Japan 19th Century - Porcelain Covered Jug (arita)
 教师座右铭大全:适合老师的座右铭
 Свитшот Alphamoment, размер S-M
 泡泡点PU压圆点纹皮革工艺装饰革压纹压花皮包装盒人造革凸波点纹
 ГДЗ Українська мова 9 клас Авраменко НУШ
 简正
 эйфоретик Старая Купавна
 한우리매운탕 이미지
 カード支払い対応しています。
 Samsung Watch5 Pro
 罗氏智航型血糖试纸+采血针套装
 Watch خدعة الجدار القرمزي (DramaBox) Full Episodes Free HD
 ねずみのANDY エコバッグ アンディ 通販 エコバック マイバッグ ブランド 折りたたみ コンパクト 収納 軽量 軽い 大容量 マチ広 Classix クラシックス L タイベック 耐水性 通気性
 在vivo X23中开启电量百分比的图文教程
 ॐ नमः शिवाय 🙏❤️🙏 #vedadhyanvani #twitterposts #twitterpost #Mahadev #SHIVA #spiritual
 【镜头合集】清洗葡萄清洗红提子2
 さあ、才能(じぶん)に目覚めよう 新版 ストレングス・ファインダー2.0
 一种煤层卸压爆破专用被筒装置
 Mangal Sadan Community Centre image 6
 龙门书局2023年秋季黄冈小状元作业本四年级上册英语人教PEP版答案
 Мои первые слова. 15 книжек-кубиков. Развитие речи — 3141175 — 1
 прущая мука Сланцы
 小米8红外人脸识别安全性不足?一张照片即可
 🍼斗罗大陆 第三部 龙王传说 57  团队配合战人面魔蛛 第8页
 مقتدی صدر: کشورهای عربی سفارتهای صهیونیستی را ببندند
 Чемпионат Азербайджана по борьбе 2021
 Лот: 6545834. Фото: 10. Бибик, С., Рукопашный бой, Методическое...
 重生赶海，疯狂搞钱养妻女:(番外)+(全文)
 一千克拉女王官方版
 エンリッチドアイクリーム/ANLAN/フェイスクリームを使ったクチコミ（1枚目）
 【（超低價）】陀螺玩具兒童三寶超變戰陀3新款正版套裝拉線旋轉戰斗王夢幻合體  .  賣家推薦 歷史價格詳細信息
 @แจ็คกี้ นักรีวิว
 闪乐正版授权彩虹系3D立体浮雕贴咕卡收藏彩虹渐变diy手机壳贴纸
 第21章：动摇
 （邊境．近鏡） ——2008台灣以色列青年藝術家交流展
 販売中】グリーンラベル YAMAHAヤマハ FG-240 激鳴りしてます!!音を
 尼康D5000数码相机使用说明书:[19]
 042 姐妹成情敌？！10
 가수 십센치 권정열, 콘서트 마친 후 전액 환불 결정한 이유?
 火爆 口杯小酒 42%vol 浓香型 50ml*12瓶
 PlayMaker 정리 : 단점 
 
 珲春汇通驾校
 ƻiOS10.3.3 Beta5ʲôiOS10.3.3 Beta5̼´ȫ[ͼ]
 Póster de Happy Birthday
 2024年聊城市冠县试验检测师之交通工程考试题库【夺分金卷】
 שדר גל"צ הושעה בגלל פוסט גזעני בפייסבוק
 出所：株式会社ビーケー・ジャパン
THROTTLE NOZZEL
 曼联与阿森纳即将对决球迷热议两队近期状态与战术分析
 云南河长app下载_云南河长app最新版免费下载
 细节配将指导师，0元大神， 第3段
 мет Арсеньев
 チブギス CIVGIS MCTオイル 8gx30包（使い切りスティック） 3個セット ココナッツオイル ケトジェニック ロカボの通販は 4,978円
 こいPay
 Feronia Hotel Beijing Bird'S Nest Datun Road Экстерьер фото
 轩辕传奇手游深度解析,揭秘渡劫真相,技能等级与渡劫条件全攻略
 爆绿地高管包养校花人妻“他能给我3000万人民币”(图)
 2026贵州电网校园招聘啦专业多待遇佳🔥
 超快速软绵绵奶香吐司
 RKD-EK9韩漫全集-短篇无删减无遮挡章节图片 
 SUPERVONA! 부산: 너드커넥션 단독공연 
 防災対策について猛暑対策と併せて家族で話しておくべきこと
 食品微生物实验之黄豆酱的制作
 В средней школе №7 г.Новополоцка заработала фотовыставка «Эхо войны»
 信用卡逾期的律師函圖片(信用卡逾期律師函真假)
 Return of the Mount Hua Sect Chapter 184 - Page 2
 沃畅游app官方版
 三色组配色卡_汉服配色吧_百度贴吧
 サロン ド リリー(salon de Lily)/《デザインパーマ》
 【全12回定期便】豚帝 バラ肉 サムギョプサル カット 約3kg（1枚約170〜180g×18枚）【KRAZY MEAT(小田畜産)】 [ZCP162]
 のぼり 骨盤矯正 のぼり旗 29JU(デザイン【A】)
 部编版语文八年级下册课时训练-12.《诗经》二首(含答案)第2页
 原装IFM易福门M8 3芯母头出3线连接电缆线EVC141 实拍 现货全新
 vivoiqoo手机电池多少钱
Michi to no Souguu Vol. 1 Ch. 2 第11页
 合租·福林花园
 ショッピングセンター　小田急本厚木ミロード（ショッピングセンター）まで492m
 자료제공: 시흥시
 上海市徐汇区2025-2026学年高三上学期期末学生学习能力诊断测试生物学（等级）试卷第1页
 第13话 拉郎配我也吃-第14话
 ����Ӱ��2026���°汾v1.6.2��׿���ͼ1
-*-
## Exercise requirements
Repeat every entry word for word.

## Written response
Japan 19th Century - Porcelain Covered Jug (arita)
 教师座右铭大全:适合老师的座右铭
 Свитшот Alphamoment, размер S-M
 泡泡点PU压圆点纹皮革工艺装饰革压纹压花皮包装盒人造革凸波点纹
 ГДЗ Українська мова 9 клас Авраменко НУШ
 简正
 эйфоретик Старая Купавна
 한우리매운탕 이미지
 カード支払い対応しています。
 Samsung Watch5 Pro
 罗氏智航型血糖试纸+采血针套装
 Watch خدعة الجدار القرمزي (DramaBox) Full Episodes Free HD
 ねずみのANDY エコバッグ アンディ 通販 エコバック マイバッグ ブランド 折りたたみ コンパクト 収納 軽量 軽い 大容量 マチ広 Classix クラシックス L タイベック 耐水性 通気性
 在vivo X23中开启电量百分比的图文教程
 ॐ नमः शिवाय 🙏❤️🙏 #vedadhyanvani #twitterposts #twitterpost #Mahadev #SHIVA #spiritual
 【镜头合集】清洗葡萄清洗红提子2
 さあ、才能(じぶん)に目覚めよう 新版 ストレングス・ファインダー2.0
 一种煤层卸压爆破专用被筒装置
 Mangal Sadan Community Centre image 6
 龙门书局2023年秋季黄冈小状元作业本四年级上册英语人教PEP版答案
 Мои первые слова. 15 книжек-кубиков. Развитие речи — 3141175 — 1
 прущая мука Сланцы
 小米8红外人脸识别安全性不足?一张照片即可
 🍼斗罗大陆 第三部 龙王传说 57  团队配合战人面魔蛛 第8页
 مقتدی صدر: کشورهای عربی سفارتهای صهیونیستی را ببندند
 Чемпионат Азербайджана по борьбе 2021
 Лот: 6545834. Фото: 10. Бибик, С., Рукопашный бой, Методическое...
 重生赶海，疯狂搞钱养妻女:(番外)+(全文)
 一千克拉女王官方版
 エンリッチドアイクリーム/ANLAN/フェイスクリームを使ったクチコミ（1枚目）
 【（超低價）】陀螺玩具兒童三寶超變戰陀3新款正版套裝拉線旋轉戰斗王夢幻合體  .  賣家推薦 歷史價格詳細信息
 @แจ็คกี้ นักรีวิว
 闪乐正版授权彩虹系3D立体浮雕贴咕卡收藏彩虹渐变diy手机壳贴纸
 第21章：动摇
 （邊境．近鏡） ——2008台灣以色列青年藝術家交流展
 販売中】グリーンラベル YAMAHAヤマハ FG-240 激鳴りしてます!!音を
 尼康D5000数码相机使用说明书:[19]
 042 姐妹成情敌？！10
 가수 십센치 권정열, 콘서트 마친 후 전액 환불 결정한 이유?
 火爆 口杯小酒 42%vol 浓香型 50ml*12瓶
 PlayMaker 정리 : 단점 
 
 珲春汇通驾校
 ƻiOS10.3.3 Beta5ʲôiOS10.3.3 Beta5̼´ȫ[ͼ]
 Póster de Happy Birthday
 2024年聊城市冠县试验检测师之交通工程考试题库【夺分金卷】
 שדר גל"צ הושעה בגלל פוסט גזעני בפייסבוק
 出所：株式会社ビーケー・ジャパン
THROTTLE NOZZEL
 曼联与阿森纳即将对决球迷热议两队近期状态与战术分析
 云南河长app下载_云南河长app最新版免费下载
 细节配将指导师，0元大神， 第3段
 мет Арсеньев
 チブギス CIVGIS MCTオイル 8gx30包（使い切りスティック） 3個セット ココナッツオイル ケトジェニック ロカボの通販は 4,978円
 こいPay
 Feronia Hotel Beijing Bird'S Nest Datun Road Экстерьер фото
 轩辕传奇手游深度解析,揭秘渡劫真相,技能等级与渡劫条件全攻略
 爆绿地高管包养校花人妻“他能给我3000万人民币”(图)
 2026贵州电网校园招聘啦专业多待遇佳🔥
 超快速软绵绵奶香吐司
 RKD-EK9韩漫全集-短篇无删减无遮挡章节图片 
 SUPERVONA! 부산: 너드커넥션 단독공연 
 防災対策について猛暑対策と併せて家族で話しておくべきこと
 食品微生物实验之黄豆酱的制作
 В средней школе №7 г.Новополоцка заработала фотовыставка «Эхо войны»
 信用卡逾期的律師函圖片(信用卡逾期律師函真假)
 Return of the Mount Hua Sect Chapter 184 - Page 2
 沃畅游app官方版
 三色组配色卡_汉服配色吧_百度贴吧
 サロン ド リリー(salon de Lily)/《デザインパーマ》
 【全12回定期便】豚帝 バラ肉 サムギョプサル カット 約3kg（1枚約170〜180g×18枚）【KRAZY MEAT(小田畜産)】 [ZCP162]
 のぼり 骨盤矯正 のぼり旗 29JU(デザイン【A】)
 部编版语文八年级下册课时训练-12.《诗经》二首(含答案)第2页
 原装IFM易福门M8 3芯母头出3线连接电缆线EVC141 实拍 现货全新
 vivoiqoo手机电池多少钱
Michi to no Souguu Vol. 1 Ch. 2 第11页
 合租·福林花园
 ショッピングセンター　小田急本厚木ミロード（ショッピングセンター）まで492m
 자료제공: 시흥시
 上海市徐汇区2025-2026学年高三上学期期末学生学习能力诊断测试生物学（等级）试卷第1页
 第13话 拉郎配我也吃-第14话
 ����Ӱ��2026���°汾v1.6.2��׿���ͼ1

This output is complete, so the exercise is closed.